“This institution will be based on the illimitable freedom of the human mind. For here we are not afraid to follow truth wherever it may lead, nor to tolerate any error so long as reason is left free to combat it.”
- Thomas Jefferson to William Roscoe, 27 December 1820
This one’s for you, TJ.
I write this post as a proud UVA alumna (CLAS ’01), one who knows the devotion we alums share for the education we received at Virginia. UVA offers one of the best public educations in the nation, and it’s open to all who meet its rigorous standards. UVA is an institution with an incredible sense of groundedness, as well as a dynamic, thoughtful group of students, faculty, and administrators who care deeply about the place. For better and sometimes for worse, Mr. Jefferson’s University, The University, has not been easily moved by the fashions of the day. It’s a place where reason and truth are valued, and where students and faculty do not simply shrug off questionable actions as par for the course. It’s no surprise, then, that the lack of clarity and transparency over the sudden resignation of our President this past Sunday is eating away at many of us.
I am also a writer and historian, currently finishing up a Ph.D. in History at Duke University. The research skills I’ve learned at Duke and Virginia have enabled me to know where and how to find information quickly. When the news broke of President Sullivan’s sudden resignation from UVA, I became very curious. Sullivan arrived at UVA as a highly respected administrator of public higher education, one of the best in the business. Something must have gone very amiss for her to agree to resign in this way.
I’ve poked around the internet and have come up with a theory about what I think may have been happening in Charlottesville to force Sullivan to leave. Some parts of it may turn out to be a bit off, time will tell, but I’m confident enough in what I’ve found to present it as plausible. I am neither a journalist, nor a lawyer or a higher education administrator, and I am sure there are elements here that would benefit from the input of those professionals’ expertise.
All of this is information freely accessible to the public. I am sharing it in hopes that others may form their opinions and offer their insights, so that we might build a fuller picture of what has happened.
The theory I have is that Goldman Sachs’s Education Management Corporation, a for-profit education provider, wanted to make or made a bid to offer online education through UVA. From this endeavor, EMC would invest profits back into the University, helping to heal some of the University’s fiscal woes. When Sullivan was reluctant or refused to agree to the venture, key members of the Board threatened litigation related to her performance as a fundraiser for the University.
Here is how I’ve arrived at this theory:
1. On Sunday, the Richmond-Times Dispatch reported that Sullivan only learned that she was being forced to resign on Friday, and that the Chairman of the Darden School of Business’s Foundation knew of the “project” to oust her several weeks ago.
2. An examination of the minutes of the Board of Visitors meetings from 2011-12 reveals that Sullivan’s departure was discussed over several months and may have been related to fundraising:
- At the September meeting, Sullivan reported a 13% decrease from the previous fiscal year in giving to the University (p. 8534).
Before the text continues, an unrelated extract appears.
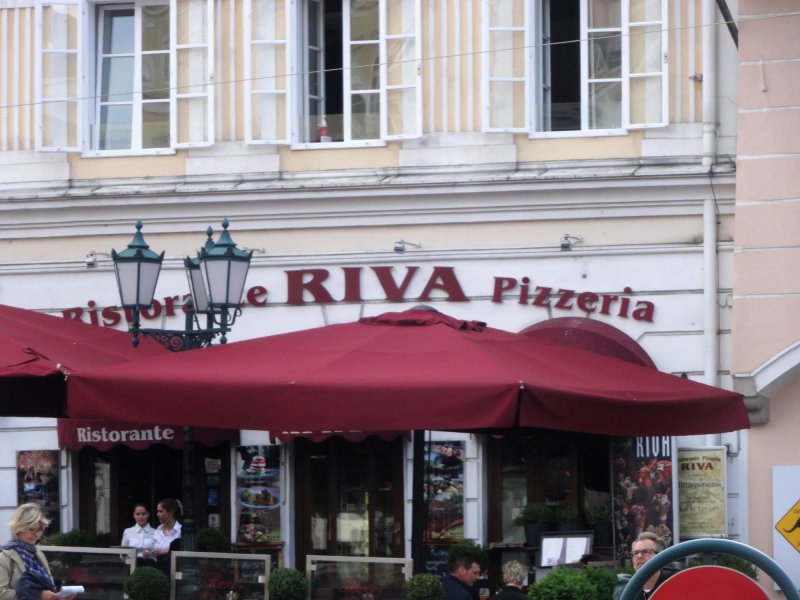 Ristorante Pizzeria RIVA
- In November, the BOV created and adopted a Presidential Performance Evaluation, with individual members of the Board writing reviews of Sullivan. Although this is a common professional practice and has obvious benefits for organizational health, it was an unprecedented action taken by the Board (p. 8615).
- In February, the BOV met in closed executive session with its General Counsel to discuss pending and threatened litigation and to discuss “personnel matters relating to the appointment and performance of University employees in connection with fundraising activities and potential gifts to the University related to the Capital Campaign” (p. 8656)
- The Board held a closed executive session at its May meeting in which it discussed personnel matters related to University officers, presumably Sullivan. In the executive session, they also consulted with the University’s General Counsel on a “privileged legal report” on “pending and anticipated litigation affecting the University.” (pgs. 8708-09)
From the site’s cache: “/PRNewswire/ — Education Management Corporation … to take for granted just how beautiful and historic the University of Virginia is, …”
So, the theory is that EMC approached the University with the potential of offering the “online education” component to which Dragas has referred, as a subsidiary of UVA’s educational offerings, one that would have healed a lot of fiscal woes for the University. As an independent entity who invested its profits back into the University, EMC’s involvement wouldn’t have made the University in and of itself private. Essentially it would have been selling the UVA ‘brand name’ for the opportunity to receive major gifts for the University. When Sullivan resisted this venture, the Board found fault with her performance as a fundraiser and made moves to oust her.
Given the heavy involvement of Darden in this scenario, I’d be curious to know more about the ways Darden has privatized over the years, and whether this model bears any resemblance to those processes.